→ **About this task**
Would you repeat word for word the lines of the listing that follows, from the one with "1st image of 12955 NE 6th Ave APT 405" up to and including the one with "2025 Ford Bronco Sport Outer Banks photo 3", and leave out the images?

→ **Task data**
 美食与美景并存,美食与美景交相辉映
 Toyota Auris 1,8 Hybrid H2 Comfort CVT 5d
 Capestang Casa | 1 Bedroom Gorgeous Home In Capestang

--

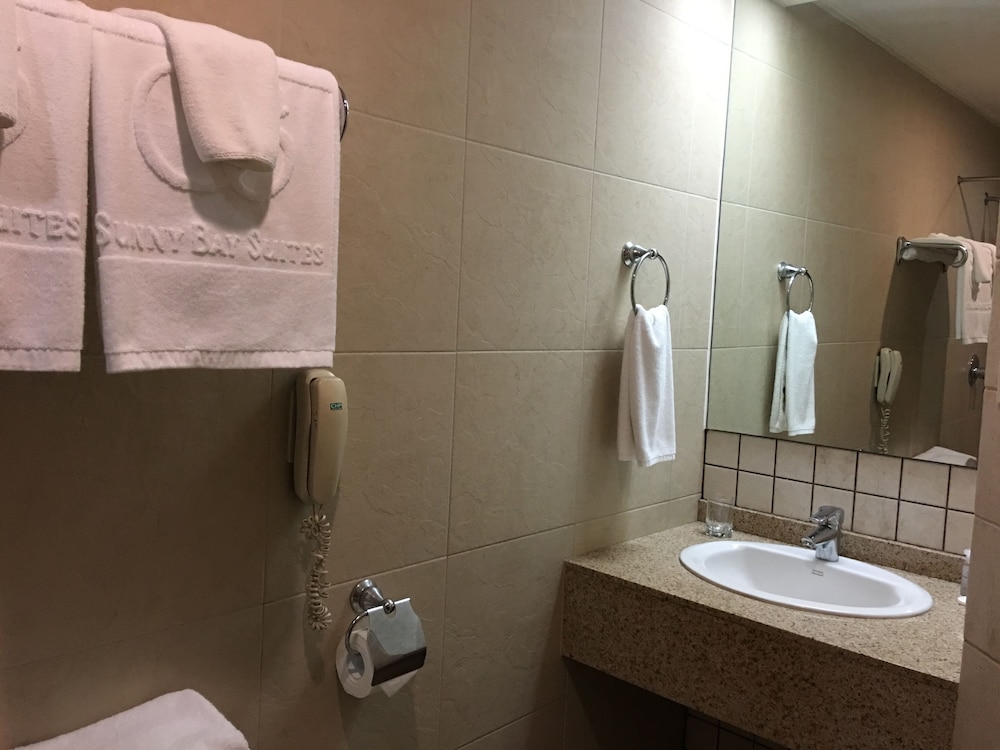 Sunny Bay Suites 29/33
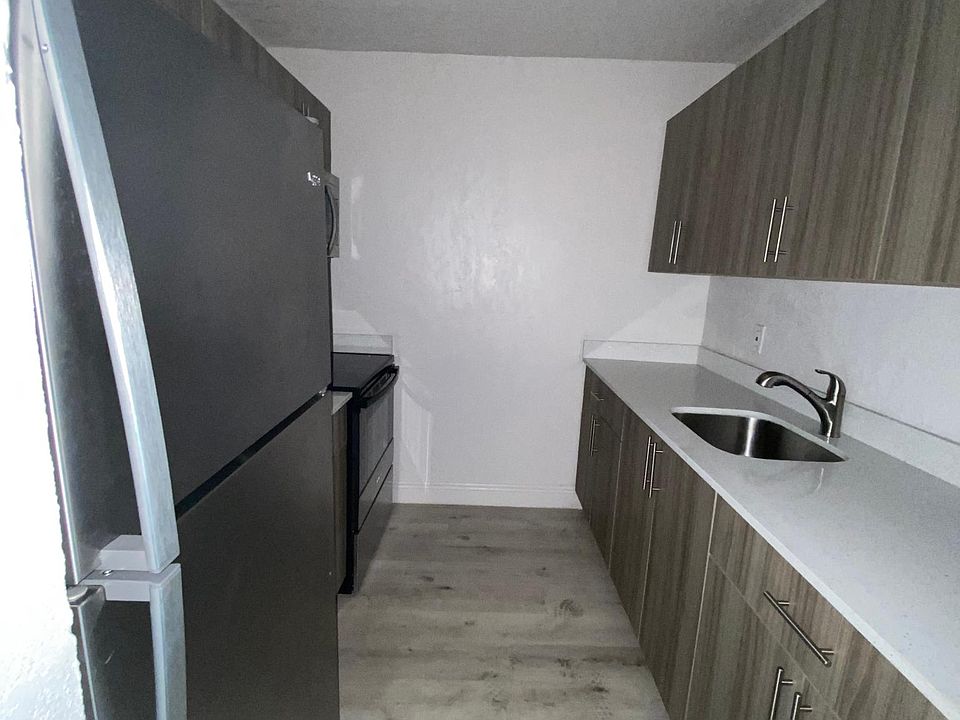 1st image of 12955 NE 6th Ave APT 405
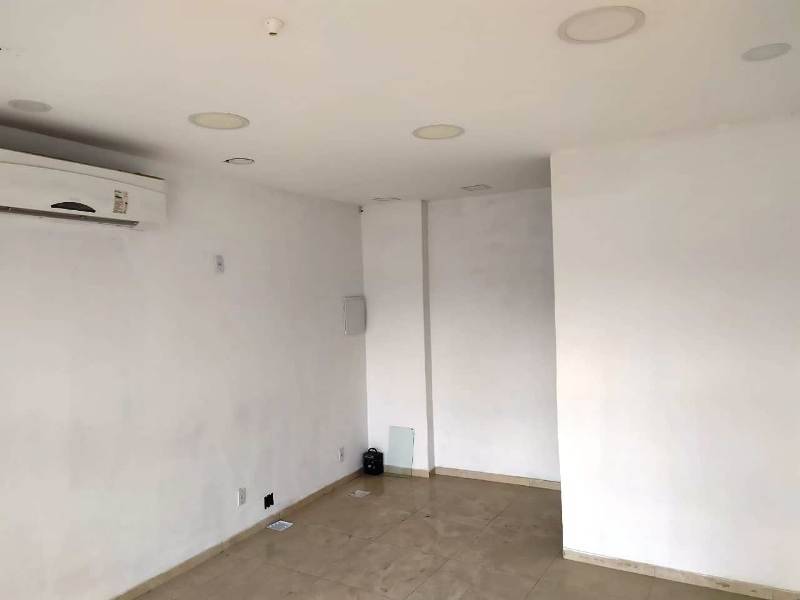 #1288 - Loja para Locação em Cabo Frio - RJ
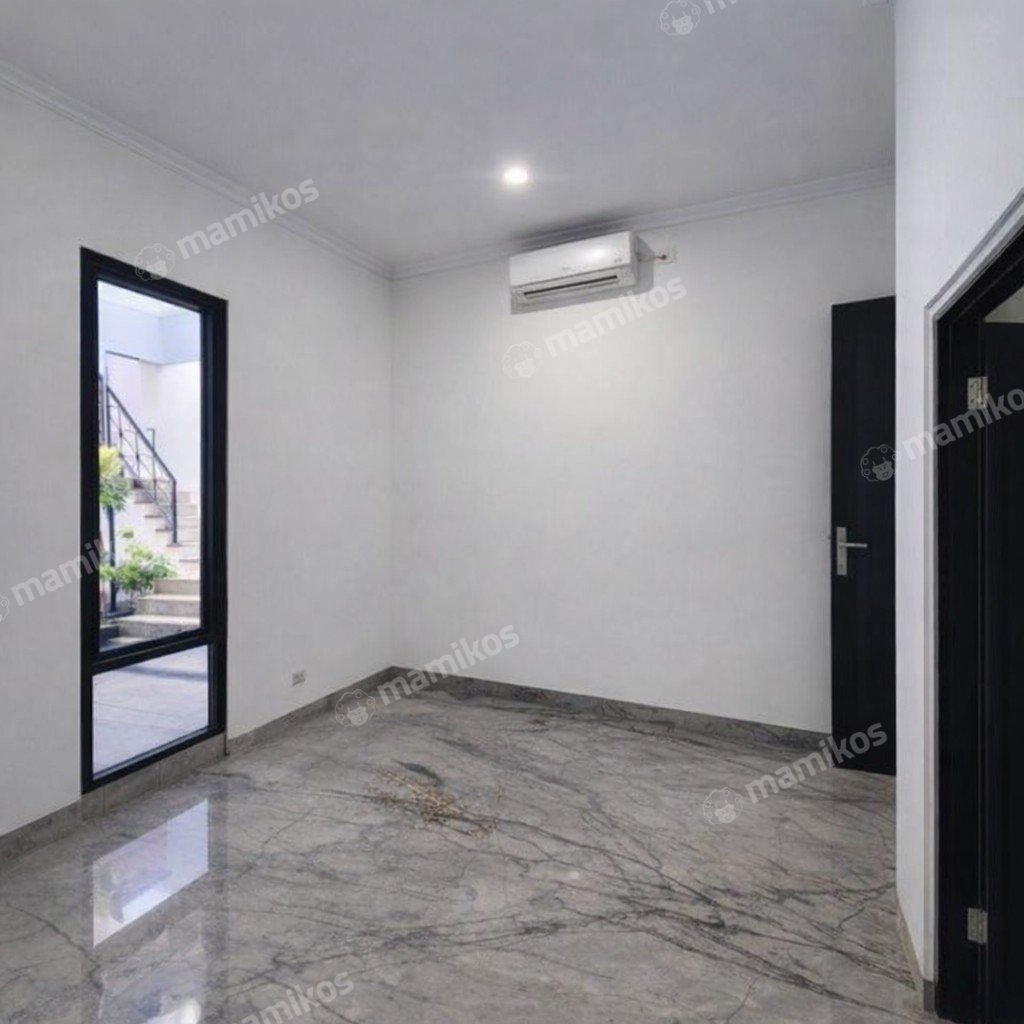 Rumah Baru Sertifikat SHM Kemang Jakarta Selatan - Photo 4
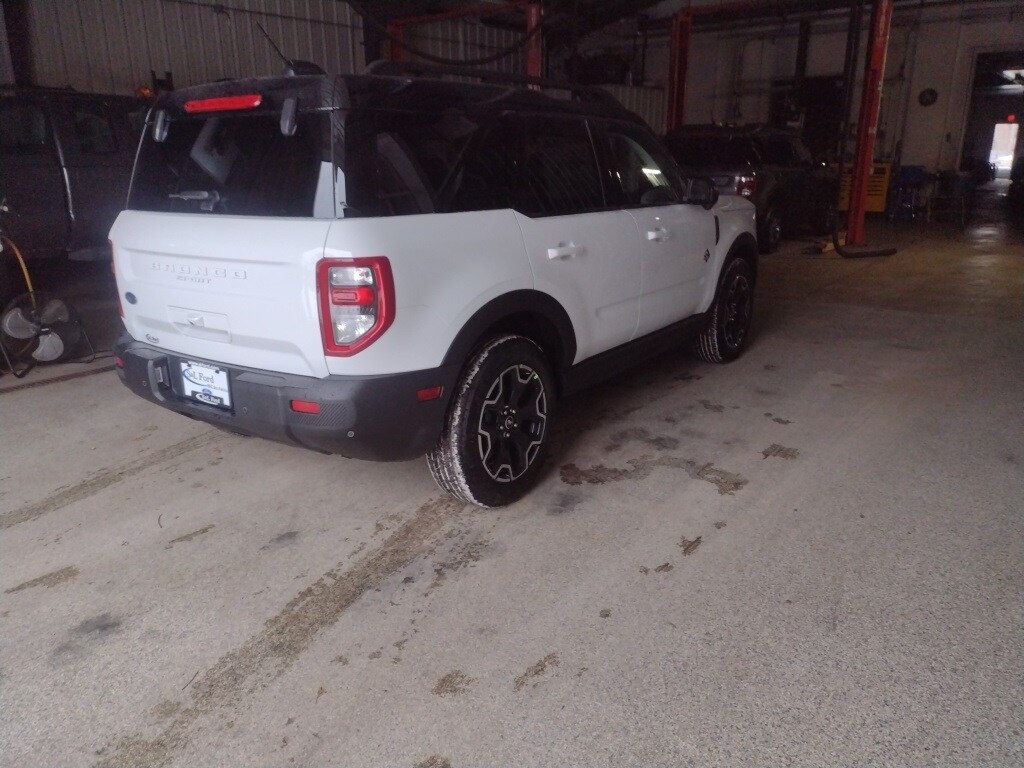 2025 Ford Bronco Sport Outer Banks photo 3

→ **Answer space**
 1st image of 12955 NE 6th Ave APT 405
 #1288 - Loja para Locação em Cabo Frio - RJ
 Rumah Baru Sertifikat SHM Kemang Jakarta Selatan - Photo 4
 2025 Ford Bronco Sport Outer Banks photo 3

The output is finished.